Removing a line where the first column is not numeric

Question

I have a large dataset that is a CSV file and I've already cleaned it up quite a bit. However there are instances where I have a column which is not numeric and I want to remove those rows.

So far I thought something like this would work. I am thinking the solution is probably simple. I am not sure whether I can even do something like this. It is a CSV file so I tried to tell awk that its delimited by commas. Also an example of a good value in column one is this: 323870133825187840

awk '/,/$1 != numeric'

Are there any suggestions on this one. I initially thought about doing some kind of a one liner such as, [0-9], etc. I would greatly appreciate it if anyone could help me out with this. For someone out there this is probably like child's play :)

Answer 1

Try this:

awk -F, '$1+0 != $1{next}1' csvFile

Answer 2

Assuming that you're only dealing with unsigned integer values, you can use either:

awk -F, '$1 ~ /^[[:digit:]]+$/'

or

awk -F, '$1 !~ /[^[:digit:]]/'

Both use the 'implicit print' action. The first checks that $1 only contains digits; the second checks that $1 does not contain a non-digit.

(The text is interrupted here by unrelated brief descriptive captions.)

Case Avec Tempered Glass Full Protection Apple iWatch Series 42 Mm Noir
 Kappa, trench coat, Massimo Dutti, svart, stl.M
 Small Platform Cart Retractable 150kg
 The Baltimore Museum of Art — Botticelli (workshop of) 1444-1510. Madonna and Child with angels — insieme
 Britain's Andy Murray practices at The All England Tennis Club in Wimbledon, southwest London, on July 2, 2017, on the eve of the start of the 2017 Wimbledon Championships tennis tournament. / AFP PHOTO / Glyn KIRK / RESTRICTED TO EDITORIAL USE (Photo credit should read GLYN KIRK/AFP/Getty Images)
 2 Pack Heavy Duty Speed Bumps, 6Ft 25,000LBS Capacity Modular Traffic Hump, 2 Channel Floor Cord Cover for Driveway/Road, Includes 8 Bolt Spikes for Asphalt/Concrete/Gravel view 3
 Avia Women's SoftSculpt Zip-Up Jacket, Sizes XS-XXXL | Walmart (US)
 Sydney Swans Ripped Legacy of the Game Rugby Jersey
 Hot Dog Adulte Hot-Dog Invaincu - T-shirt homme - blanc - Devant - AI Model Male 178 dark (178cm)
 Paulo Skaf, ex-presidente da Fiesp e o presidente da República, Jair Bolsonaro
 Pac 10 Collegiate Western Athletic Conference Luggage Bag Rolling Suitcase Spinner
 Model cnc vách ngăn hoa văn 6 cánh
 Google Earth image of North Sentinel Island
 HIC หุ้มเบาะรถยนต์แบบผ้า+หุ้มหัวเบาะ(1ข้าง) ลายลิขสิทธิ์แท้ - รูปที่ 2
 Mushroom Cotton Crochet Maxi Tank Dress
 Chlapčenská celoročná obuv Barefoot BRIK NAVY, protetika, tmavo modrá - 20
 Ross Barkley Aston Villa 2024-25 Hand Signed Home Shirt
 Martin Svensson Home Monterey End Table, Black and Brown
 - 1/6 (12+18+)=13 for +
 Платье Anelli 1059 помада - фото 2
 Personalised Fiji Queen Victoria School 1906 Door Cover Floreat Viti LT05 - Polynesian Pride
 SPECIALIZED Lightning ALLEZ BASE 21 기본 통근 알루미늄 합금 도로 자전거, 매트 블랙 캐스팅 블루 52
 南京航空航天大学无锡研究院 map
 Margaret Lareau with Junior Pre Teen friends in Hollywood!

If your numbers are more general (signed, possibly with decimal point, possibly with exponential notation — 6.0221413e+23 (Avogadro's number), for example), then you need a more complex regular expression and will use positive matching, only selecting rows where field 1 matches your regex for a valid number.

Answer 3

You can simply grep it:

grep -P '^[+-]?\d*(\.\d+)?(?<=.),' file

This will return lines if it finds decimal/integer number in first column with optional =/- sign.

For ex following numbers will be matched in column 1:

6.72
1235.3
72
.66
2.8
+3.5
-5.9

PS: Empty column value in 1st column will not be matched.